Ubi maior, minor cessat: questa antica massima vale persino per i temibili controlli fiscali. Avere la fedina fiscale non proprio immacolata non comporta infatti la mancata corresponsizione degli incentivi alle imprese.
La verifica di regolarità fiscale Visco-Bersani introdotta nel 2006, che impone alle P.A. in procinto di effettuare pagamenti superiori ai 10mila euro di controllare se il destinatario sia in regola con le cartelle di Equitalia, deve infatti cedere il passo all’erogazione dei contributi, che per lo Stato ha un interesse ancora maggiore.
A specificare l’orientamento di cui sopra è stata la Ragioneria generale: in una nota ha spiegato che la volontà del soggetto attuatore dell’erogazione in materia di contributi “non ha alcun rilievo”, in quanto il suo unico compito è quello di svolgere “un mero controllo sul possesso dei requisiti fissati dalla legge”.
Il motivo di questo tipo di atteggiamento sta essenzialmente nel fatto che gli incentivi sono finalizzati a raggiungere obiettivi legati al soddisfacimento del benessere della collettività . Una ragione sufficiente, questa, per poter affermare che “l’interesse pubblico sotteso all’erogazione delle provvidenze economiche sia preminente rispetto alla procedura di verifica”.
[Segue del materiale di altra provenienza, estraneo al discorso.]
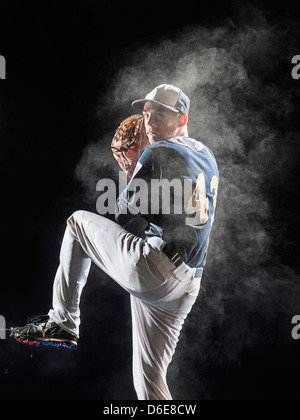 Kaukasische Baseballspieler pitching unter Kunstlicht Stockfoto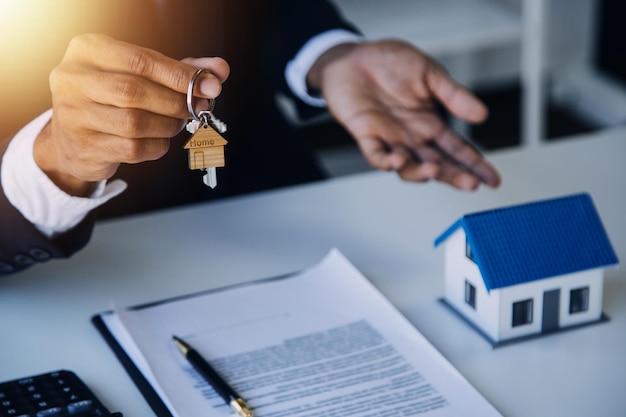 Agent de courtage immobilier présentant et consultant le client pour la prise de décision signant un contrat d'assurance modèle d'achat et de vente de maison concernant l'offre de prêt hypothécaire et l'assurance habitation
Gli incentivi, pertanto, sono e rimangono intoccabili. Le imprese con tasse arretrate posso e devono ricevere comunque i contributi, perché questi danno un apporto importante all’economia del paese. Il controllo della fedina fiscale viene invece effettuato solo nel momento in cui una sentenza, anche non definitiva, sancisce l’obbligo di pagamento.